## The task
Print the records below exactly, starting at the first line and stopping after the line that contains "45 Orchard Irvine, CA". Leave out any pictures.

## Entries shown
%%
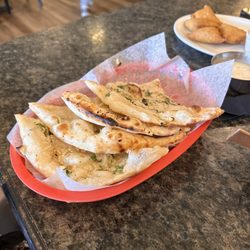 Chettinad Aachy's - Garlic naan and veg samosa (one serving is 6 pc)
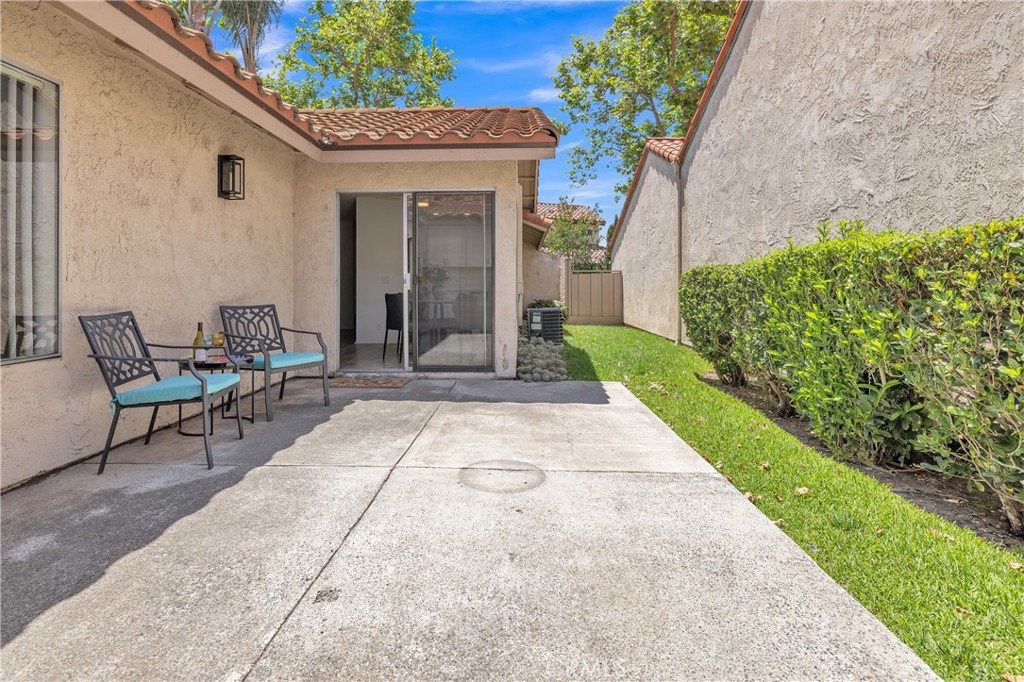 45 Orchard Irvine, CA 92618 - Photo 20 of 29 a view of patio with a table and chairs and potted plants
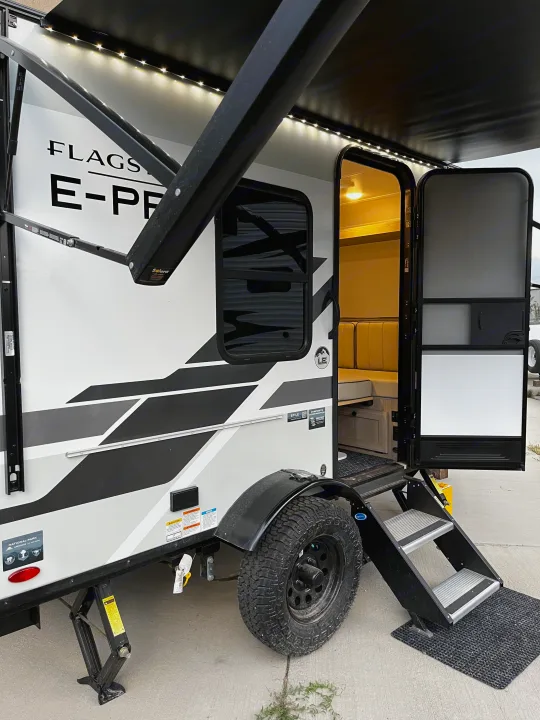 Flagstaff E-Pro RV rental: a compact travel trailer with an illuminated awning and inviting open doorway for adventure.. Forest River Flagstaff E-Pro 2026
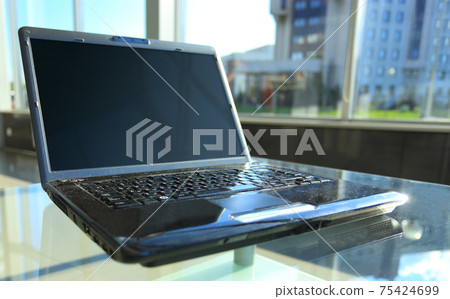 Closeup photo of laptop computer with open top. Blank screen. 75424699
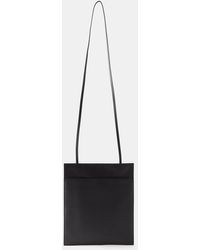 Slouchy banana leather crossbody bag The Row Black in Leather - 35871043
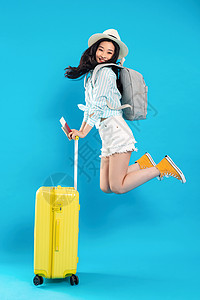扶着行李箱跳跃的年轻女孩背景图片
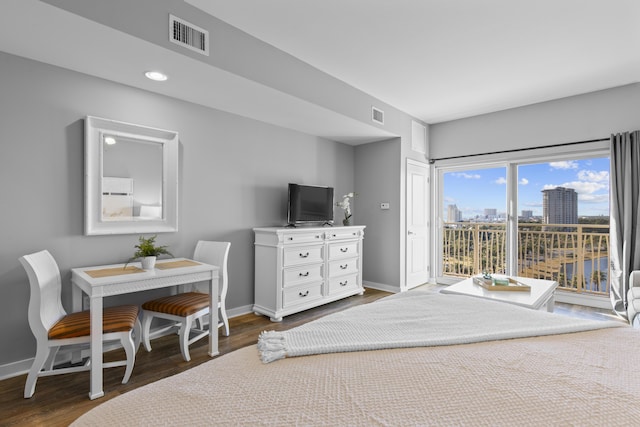 bedroom featuring access to exterior and dark hardwood / wood-style flooring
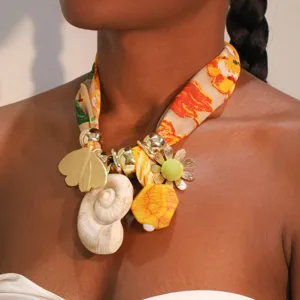 Primer plano del collar tipo pañuelo de seda estampado bohemio con dijes de concha y mariposa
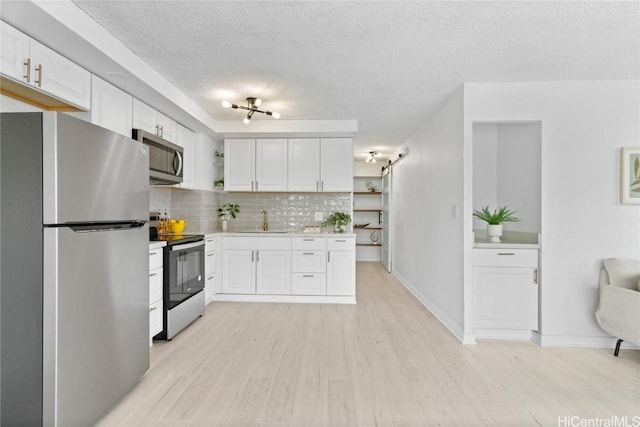 kitchen featuring decorative backsplash, a textured ceiling, stainless steel appliances, sink, and white cabinetry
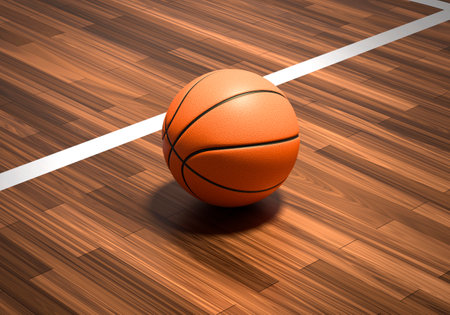 An official orange basketball ball on a hardwood basketball courtの写真素材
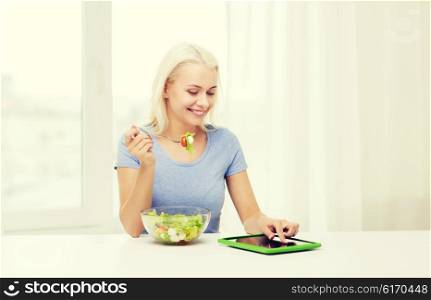 healthy eating, dieting and people concept - smiling young woman with tablet pc computer eating vegetable salad at home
%%
## Task result
 Chettinad Aachy's - Garlic naan and veg samosa (one serving is 6 pc)
 45 Orchard Irvine, CA 92618 - Photo 20 of 29 a view of patio with a table and chairs and potted plants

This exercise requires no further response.